The dimensions are 10" x 15 1/2" x 6 1/2" highest point of the arch on top, 5 1/2" at the front and back. The thickness of the wood is 3/8" on all material except the removable tray which is 1/4". I see many small boxes which are made way too thick on the sides...up to 3/4"... Way out of proportion in my view and way too heavy looking and feeling. The thickness I chose is more in keeping with the scale and lightness of the finished piece. The light colored wood also adds to the "lightness". 

My goal is to make several more in that size and a larger version humped back Hope chest or blanket chest. The trick will be to jig up a means to make the curved top pieces and join them together. Sometimes I don't remember how I did stuff and if I had to do it again I have no clue....:blink: bill


----------



## clarionflyer (Apr 27, 2008)

OK, now your ticking me off, Woodnthings. Using the old "cupped board" for the lid trick? :laughing:
Beautiful box. And beautiful play by play instructions... er, I mean advice.
Thanks for posting and all the work involved.


----------



## clarionflyer (Apr 27, 2008)

I just built a nice cherry box and was trying to decide the top (routed arch, flat, veneer?). I just happen to have some nice cupped cherry so I'll give it a go. One thing I am sure of - it won't be nearly as nice yours.
Thanks for the nice idea.


----------



## MastersHand (Nov 28, 2010)

That's how to make a bad situation into something that fits your needs. Way to think past a problem and make a beautiful salutation. Beautiful box Happy Holidays


----------



## wwinsauer (Dec 7, 2010)

Gorgeous box!

I love that you cut the wood from scratch and followed through to the end. Love the hinges and that you busted out the hand tools too! Great use of resources! The jig was very clever, don't know if I would have thought of that.

Beautiful work! So very well done!

Wayne


----------



## Capacity Workstation (Jun 6, 2011)

This is Beautiful!


----------



## djg (Dec 24, 2009)

I know this is an older thread, I must have missed it the first time through, but since it's been resurrected....

Beautiful job, by the way.
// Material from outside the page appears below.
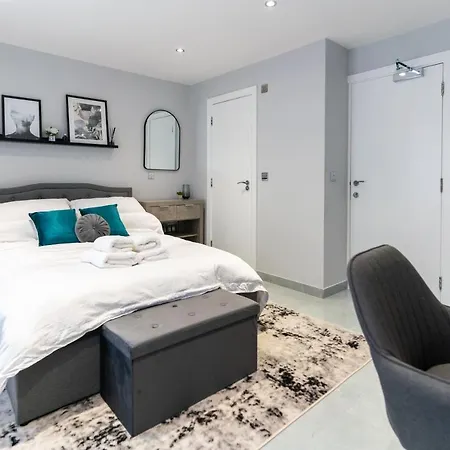 Guest house Luxury 5bd London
But with all this talk here recently about kiln vs air dried lumber, weren't you leary about using air dried on such a project?
I've got a lot of air dried lumber that I've been afraid to use because of wood movement. Still haven't cleaned out a spot in my basement for the kiln.
Thanks


----------



## woodnthings (Jan 24, 2009)

*That didn't really occur to me since...*

The wood had cupped so much just standing in the shop. It was really wet out of the log and since it was sawed thin, 1/2" or so, I just felt it was dry enough to use. The other pieces were flat enough to just plane and join. Can't say what might happen in a different situation. I did acquire a few other logs recently and I'll be milling them ...hoping they cup as well.:laughing: bill


----------



## woodnthings (Jan 24, 2009)

*not quite*



cowboy dan said:


> the finished product without reading looks like you may have soaked the lid or something to achieve the curve. *hard to believe the finished box started with a warped top*...lol. that is craftmanship. i also like your lid hinges and your contour box seperation, that is cool. hope it goes to a safe home.
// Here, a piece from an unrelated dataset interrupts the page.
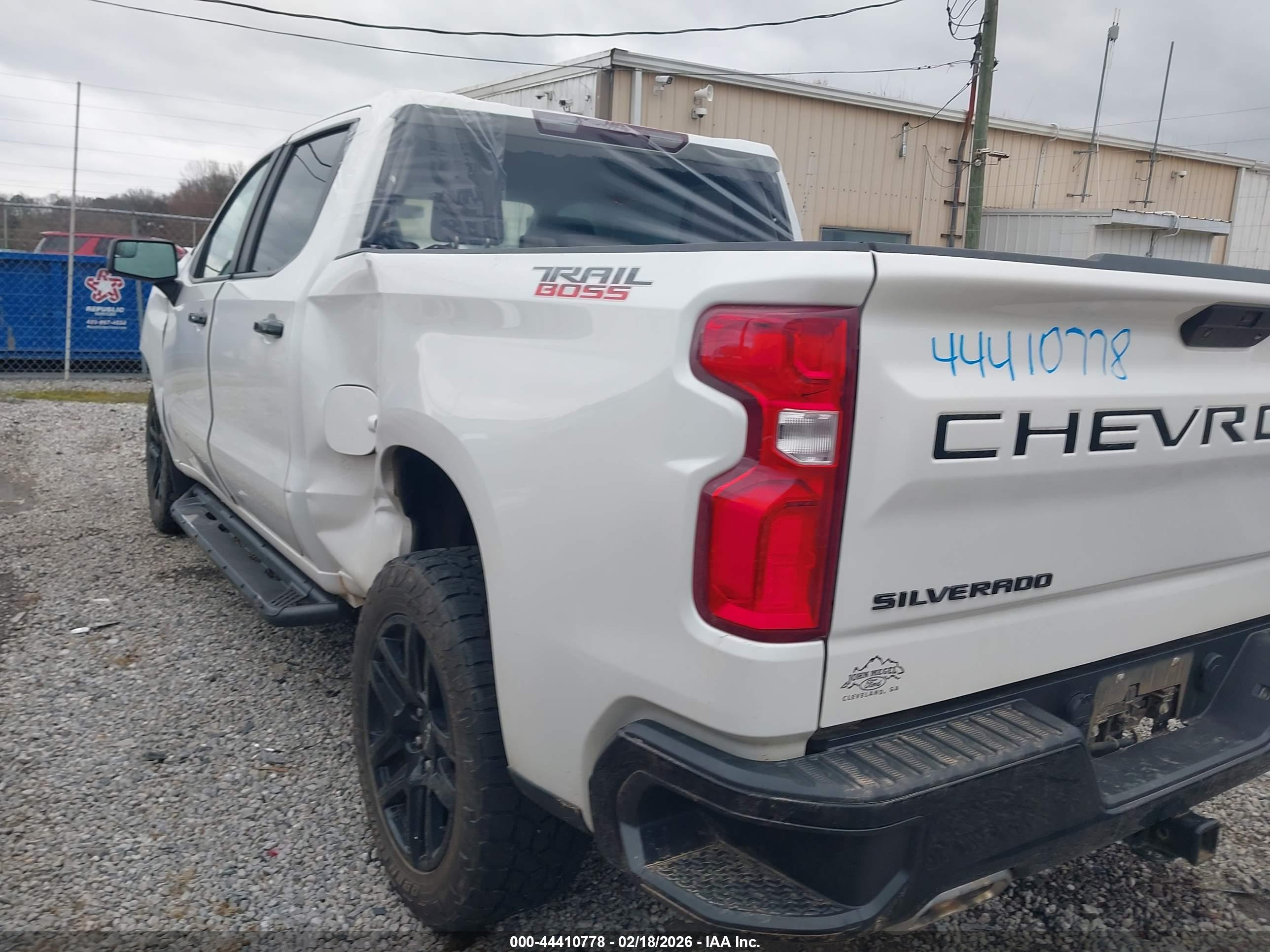 CHEVROLET SILVERADO image 3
The wood was warped, not the top if that's what you meant. When the wood dried it cupped around the growth rings as you would expect. So I wondered what to do with it and came up with make the "cup shape" work for me in stead of fighting it by flattening it.
The step I left out was taking the edges to the jointer and tilting the fence to get mating surfaces. If I make another one I'll have to remember how I did all that tricky stuff.....:blink: bill


----------



## Brink (Nov 22, 2010)

Don't know how I missed this one. Gonna rush home and read it then


----------



## Brink (Nov 22, 2010)

That is a great thread. I can imagine the upset of finding beautiful, 1/2" lumber warped. The end result looks like it was planned all along. Thanx for sharing the build, it looks great.


----------



## woodnthings (Jan 24, 2009)

*Yeah, upset at first*

BUt there were only about 6 pieces and they were 18" long so it wasn't a big deal. By using the cupped boards, not curved and edge joining them I got a pretty consistent curve, not perfect, but close enough to sand the inside with a disk sander and hand plane and belt sand the outside or top surface. 

I'm still pondering a method of creating the cup or hollow on the inside. A shallow cove on the table saw is the best I've come up with. A router on a rounded carriage also is in the running. I'm not into bending, so that's out for no particular reason. A 3/4" thick board will allow only so much for a double sided curve before you run out of dimension.

Thanks for the compliments. Respect is good. Admiration is always appreciated. :yes: bill


----------



## Jr.Woodchuck (Nov 9, 2010)

Great looking project. A tip for hinges; I use a small router jig I got from Stewart - MacDonald. They sell stuff for guitars makers. This one mounts to a Dremel tool. Very well made and great for small jobs. I mound hinges and all small hardware with it. Very little chisel work when I am done. Works great for quadrant hinges also. I use a Forster bit to dill into the side for the retaining bar.


----------



## djg (Dec 24, 2009)

Thanks Bill,
I wasn't trying to jinks your project, just trying to learn a little.

If you were serious about wanting more cupped boards, you might try milling the log into boards, seal the ends well to prevent checking, and then lay the boards outside on the grass and let the sun draw it up. I forget which way you should turn the rings, up or down. You might have to experiment. Once cupped, bring inside to finish drying what the sun hasn't done.


----------



## rrbrown (Feb 15, 2009)

frankp said:


> Nice thread, Bill. Good work showing how you did the details.


I agree and thanks for posting.


----------



## aaronhl (Jun 2, 2011)

Wish I could be that good.


----------



## aaronhl (Jun 2, 2011)

....


----------



## Manuka Jock (Jun 27, 2011)

woodnthings said:


> Chad, I left out a few details, probably because I didn't always remember to take a photo of every step. But to join the curved/cupped boards I remember setting the jointer fence to an angle that seemed to make the best overall curve then carefully milled that angle on the edges. There might be a better way, some sort of jig but you end up spending more time making jigs than working on the project itself. :laughing:


This page has the Round Edge Method about halfway down .
The routed scallop is more forgiving than the flat bevel , it may be just the thing for cupped joinery


----------



## WhoWoodHaveThought (May 21, 2017)

Wow, it's amazing to see it made step-by-step. Thanks for sharing this! :thumbsup:


----------